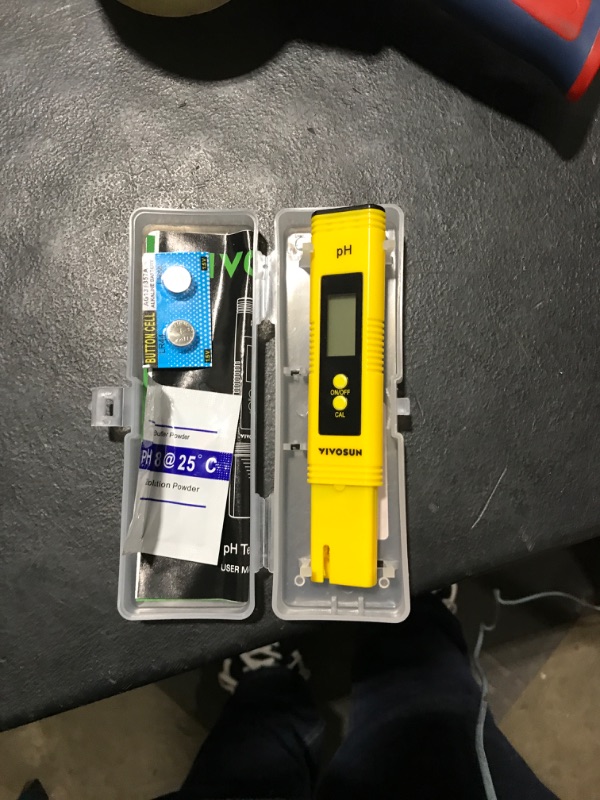 Photo 2 of VIVOSUN Digital pH Meter, 0.01pH High Accuracy Pen Type pH Tester for Hydroponics, Household Drinking, Pool and Aquarium, UL Certified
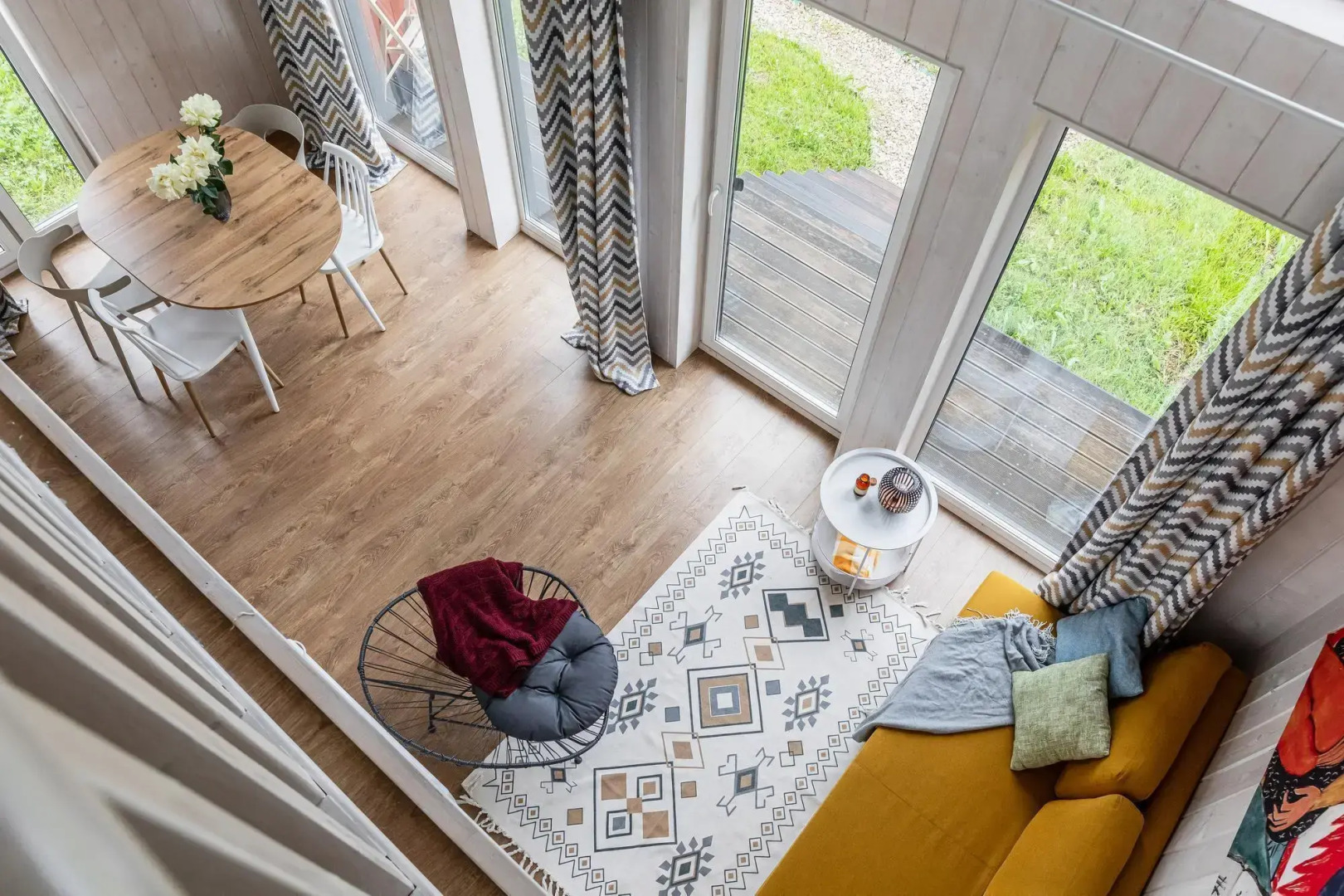 Частный Дом Яркий панорамный с видом на лес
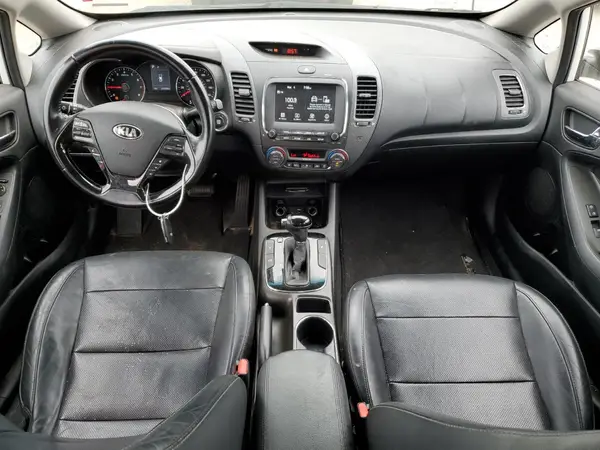 3KPFL4A80HE121501 2017 KIA FORTE - Image 8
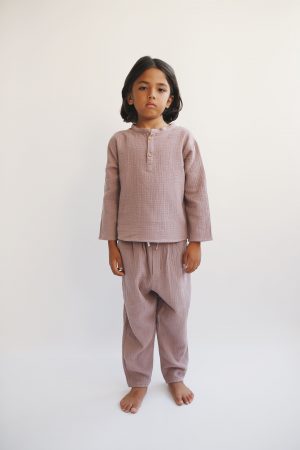 boy wearing the Levi Pant in Pale Mauve organic muslin cotton paired with the Leonard Shirt by the sustainable brand LiiLU, curated by Morsel Store located on Mallorca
= = = =
Hand back the data exactly as it appears, with all pictures cut.

## Result of this exercise
 Photo 2 of VIVOSUN Digital pH Meter, 0.01pH High Accuracy Pen Type pH Tester for Hydroponics, Household Drinking, Pool and Aquarium, UL Certified
 Частный Дом Яркий панорамный с видом на лес
 3KPFL4A80HE121501 2017 KIA FORTE - Image 8
 boy wearing the Levi Pant in Pale Mauve organic muslin cotton paired with the Leonard Shirt by the sustainable brand LiiLU, curated by Morsel Store located on Mallorca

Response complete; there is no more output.